Datalog is a declarative logic programming language that syntactically is a subset of Prolog. It is often used as a query language for deductive databases. In recent years, Datalog has found new application in data integration, information extraction, networking, program analysis, security, cloud computing and machine learning.[1][2]

Its origins date back to the beginning of logic programming, but it became prominent as a separate area around 1977 when Hervé Gallaire and Jack Minker organized a workshop on logic and databases.[3] David Maier is credited with coining the term Datalog.[4]

Features, limitations and extensions[edit]

Unlike in Prolog, statements of a Datalog program can be stated in any order. Furthermore, Datalog queries on finite sets are guaranteed to terminate, so Datalog does not have Prolog's cut operator. This makes Datalog a fully declarative language.

In contrast to Prolog, Datalog

  1. disallows complex terms as arguments of predicates, e.g., p(1, 2) is admissible but not p(f(1), 2),
  2. imposes certain stratification restrictions on the use of negation and recursion,
  3. requires that every variable that appears in the head of a clause also appear in a nonarithmetic positive (i.e. not negated) literal in the body of the clause,
  4. requires that every variable appearing in a negative literal in the body of a clause also appear in some positive literal in the body of the clause[5]

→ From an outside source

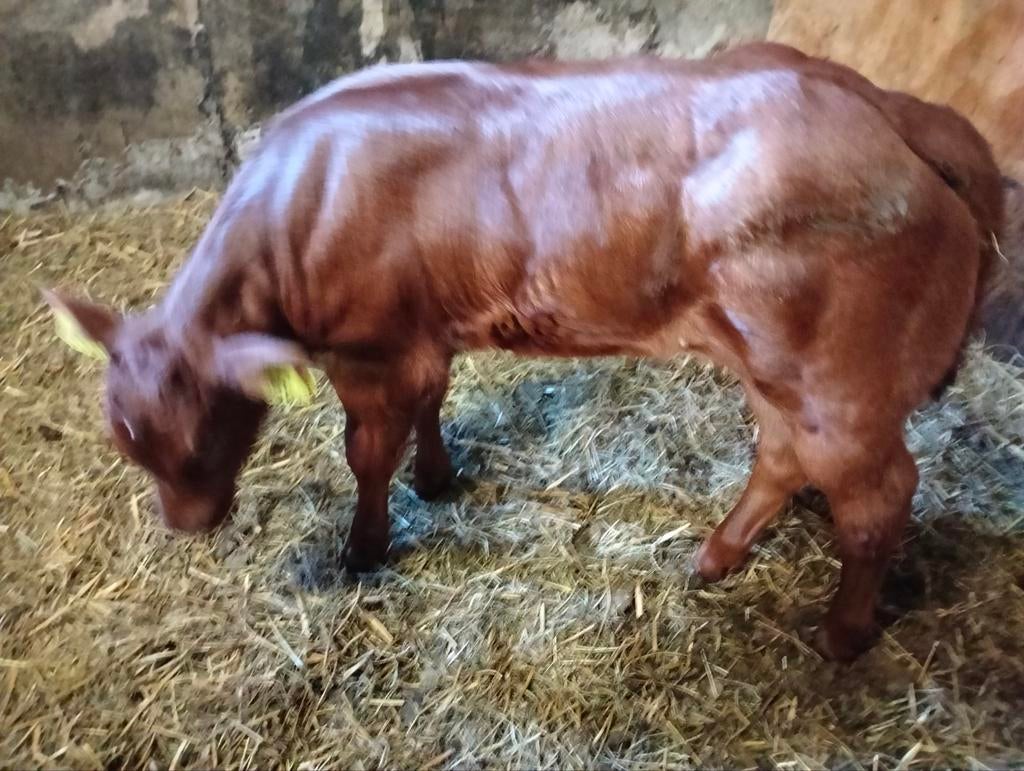 TE KOOP SUPER MOOI DIKBIL VAARS KALF.Geb 30-04-2026 verkocht, Dieren en Toebehoren, Runderen, Vrouwelijk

Query evaluation with Datalog is based on first-order logic, and is thus sound and complete. However, Datalog is not Turing complete, and is thus used as a domain-specific language that can take advantage of efficient algorithms developed for query resolution. Indeed, various methods have been proposed to efficiently perform queries, e.g., the Magic Sets algorithm,[6] tabled logic programming[7] or SLG resolution.[8]

Some widely used database systems include ideas and algorithms developed for Datalog. For example, the SQL:1999 standard includes recursive queries, and the Magic Sets algorithm (initially developed for the faster evaluation of Datalog queries) is implemented in IBM's DB2.[9] Moreover, Datalog engines are behind specialised database systems such as Intellidimension's database for the semantic web.[citation needed]

Several extensions have been made to Datalog, e.g., to support aggregate functions, to allow object-oriented programming, or to allow disjunctions as heads of clauses. These extensions have significant impacts on the definition of Datalog's semantics and on the implementation of a corresponding Datalog interpreter.


Datalog programs may or may not use negation in rule bodies: Datalog programs with negation are often required to use it as stratified negation to ensure that the semantics are well-defined. Datalog programs may or may not use inequalities between variables in rule bodies.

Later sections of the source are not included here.